Just like the previous two weeks, the next two blogs will cover yet again another aspect of digital marketing (that also happens to be a part of our services) – email marketing. It is also another good tool to reach customers, although usually less popular than social media. This two-part blog will hopefully point you in the right direction if your business is already engaging, or plans to, in e-mail marketing.

1. Subscriptions

You want to gain as many subscribers as you can, so make it easy for people to do so. Asking for few basic pieces of information that will take someone only a couple of minutes to get signed up. It would also be useful to advertise said newsletter on your social media accounts, perhaps once a month?

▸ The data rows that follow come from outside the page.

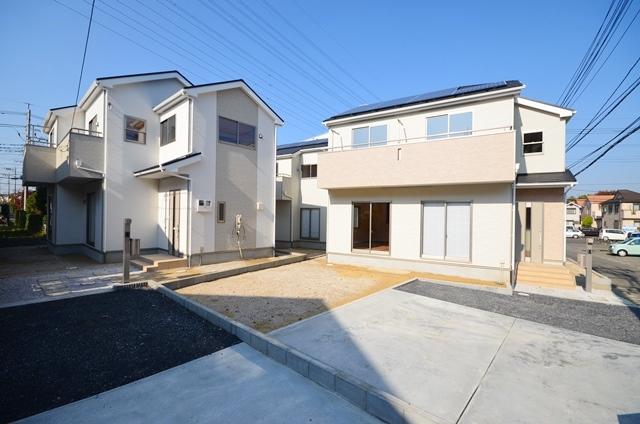 Local appearance photo. All three buildings of new construction subdivision. There is a car space of all building 2 car. 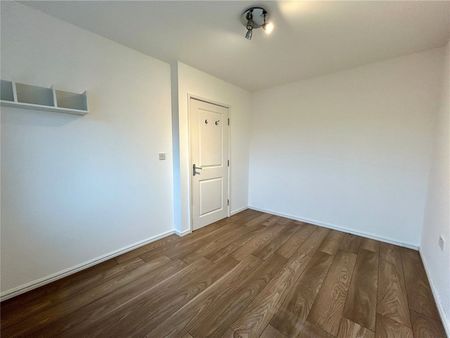 Croasdale Square, 18, Blackburn, BB1 1SY, Lancashire - Photo 2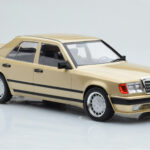 Mercedes E-Class W124 Tuning Beżowy MCG 1:18 - image 4 of 6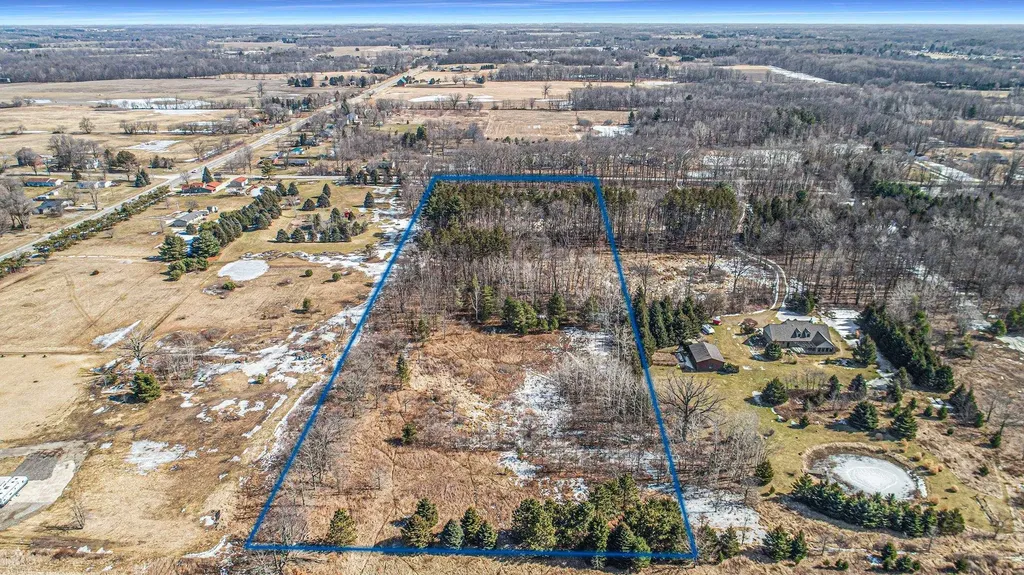 395 S Lake George Road Attica Township MI 48412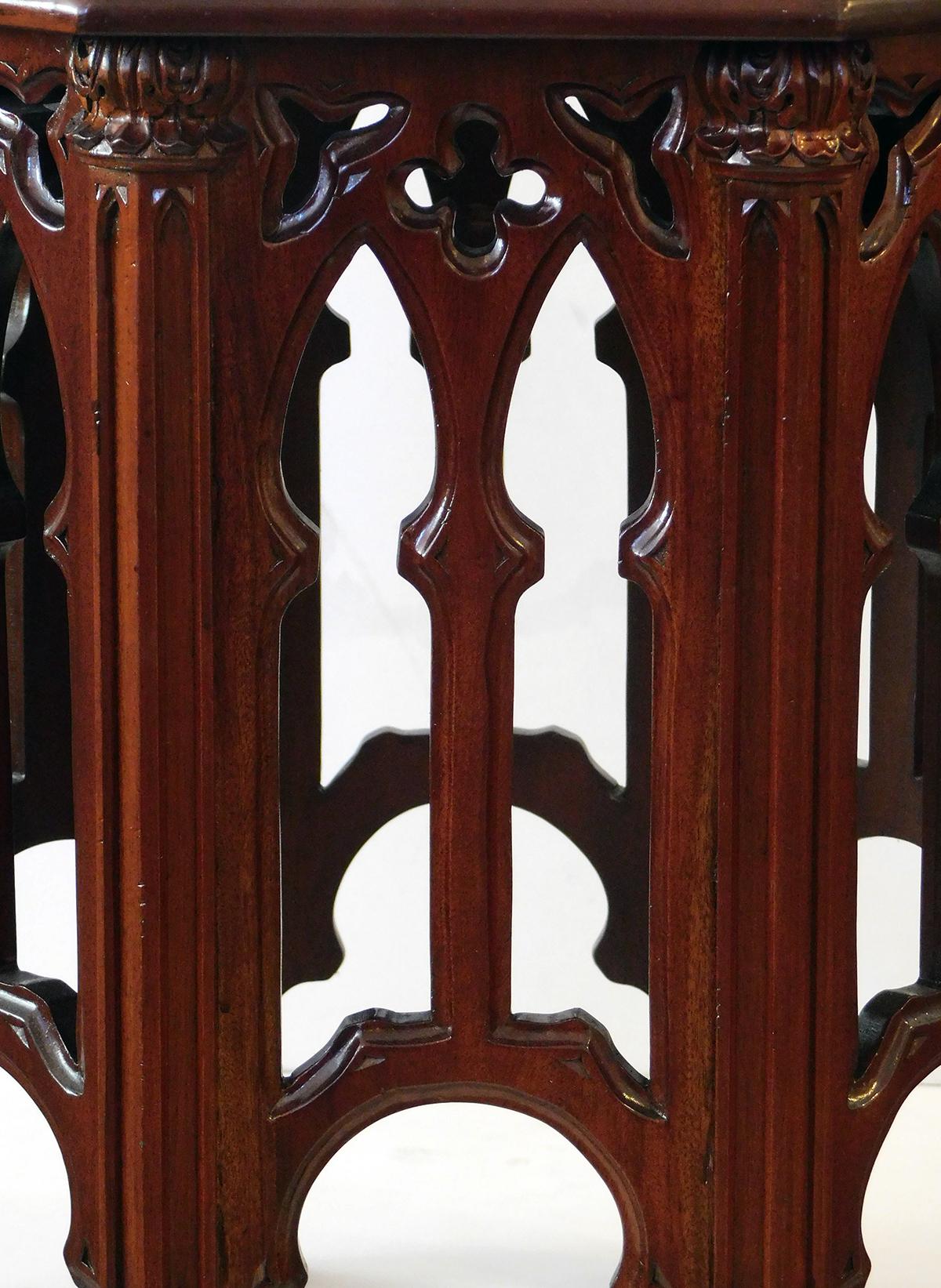 Sculpté à la main Table d'appoint/table à boissons octogonale de style néo-gothique anglais en acajou massif sculpté en vente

2. Subscriber expectations

In the signup process, give as much detail as possible on the content that this newsletter sends out, so that the receiver isn’t surprised and then opts out of signing up, because they don’t like the ideas.

 

 

3. Welcome email

A new subscriber always wants to feel important. A warm welcome and a show of enthusiasm for the adventure that is to follow could make them pleased they signed up in the first place. A welcome email can also be a thank you email.

4. Newsletter design

Don’t forget that the newsletter is part of the brand’s ‘product’. Make sure the design and template are aligned with the brand’s look, so that it’s not completely different. Readers will notice and appreciate the effort.

 

5. Easy on the eye

Remember, your subscribers are likely very busy people, so getting their attention for a short time even a couple of times a month can be tricky. Try not to make the content too long, and make sure it’s presented adequately while including images and maybe GIFs. It’s an experience they want to enjoy, and look forward to opening your next email.

6. Desirable content

Depending on the software you use to create and send your newsletter, make sure you give subscribers a choice on the content that you offer – as it is possible to segment it; the software may offer features like groups and segmentation to help make the content relevant to the subscribers. This segmentation allows to target certain subscribers on your list without assigning them to a particular group, especially if it’s a store sale in a specific area code.

 

 

7. Publishing calendar

Starting and maintaining a newsletter is a commitment, so make sure you publish content a couple of times a month to stay relevant to subscribers, so that they don’t forget about and neglect it in the future if you can’t maintain the regular publishing.